Pupil, 2014
Bridesmaid’s dress becomes caterpillar costume. Constructed for the show, “Merger”, “Pupil” represents the woman in the most infantile of the larva states, a pupa. Her outfit (traditionally chosen for her by the bride) is typically intentionally unflattering in comparison to the bride (who I am not regarding as the butterfly, but as the chrysalis- veiled and in a state of gloriously staged incubation). These divisive comparisons between the women selected for the bridal party are an exaggerated display of the conditioning for women to see other women as our competition or to rationalize/ normalize servitude as part of our duties.

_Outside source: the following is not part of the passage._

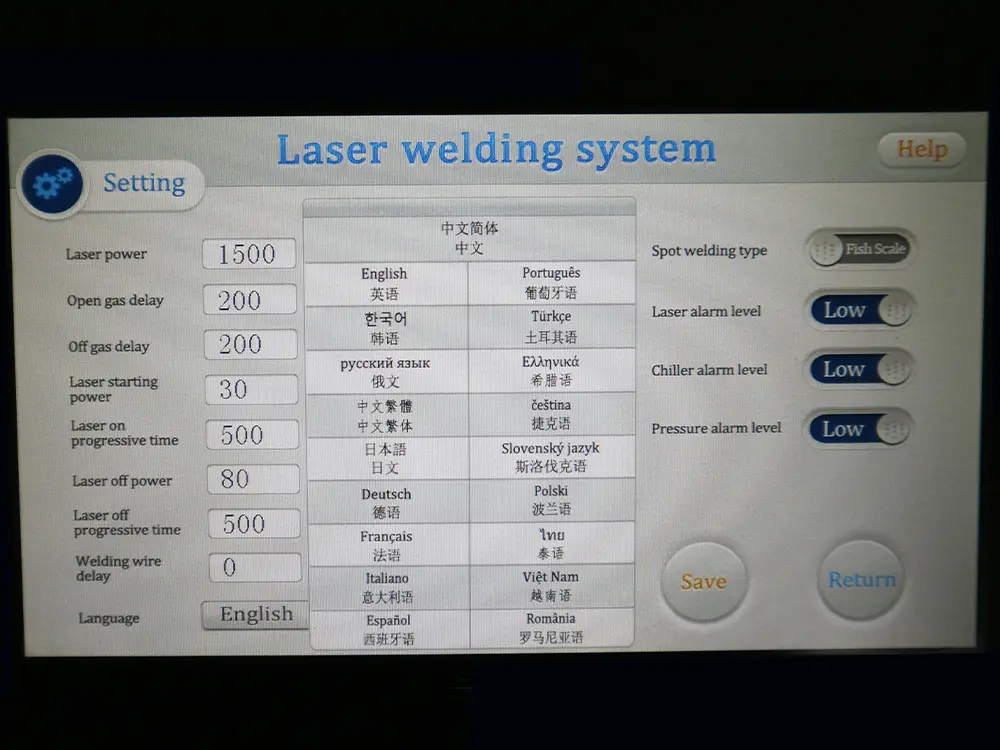 handheld laser welding machine intelligent display screen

I wore the costume for the reception of “Merger”. Elizabeth Alexander wore an altered wedding dress (she cut the lace patterns out- similar to her process of removing patterns from wallpaper and china sets). I would awkwardly follow the bride and carry or straighten her train. Once in awhile I would approach her while she was engaged in a conversation to say “I am really happy for you” in the most monotone, insincere voice I could muster. Most of the performative elements were anti-climactic staging of rituals (cake cutting- and cramming into the bride’s mouth, throwing confetti from a flower-girl basket, standing for cameras in a stiff engulfing-from-the-rear-type-encircled-embrace-). There was no groom – or if there was, he was irrelevant. Weddings from the industrial bridal complex are all about the spectacle of the bride, not about the forward trajectory of the couple. We were following these guidelines- living for the production of this bizarrely prescribed fantasy.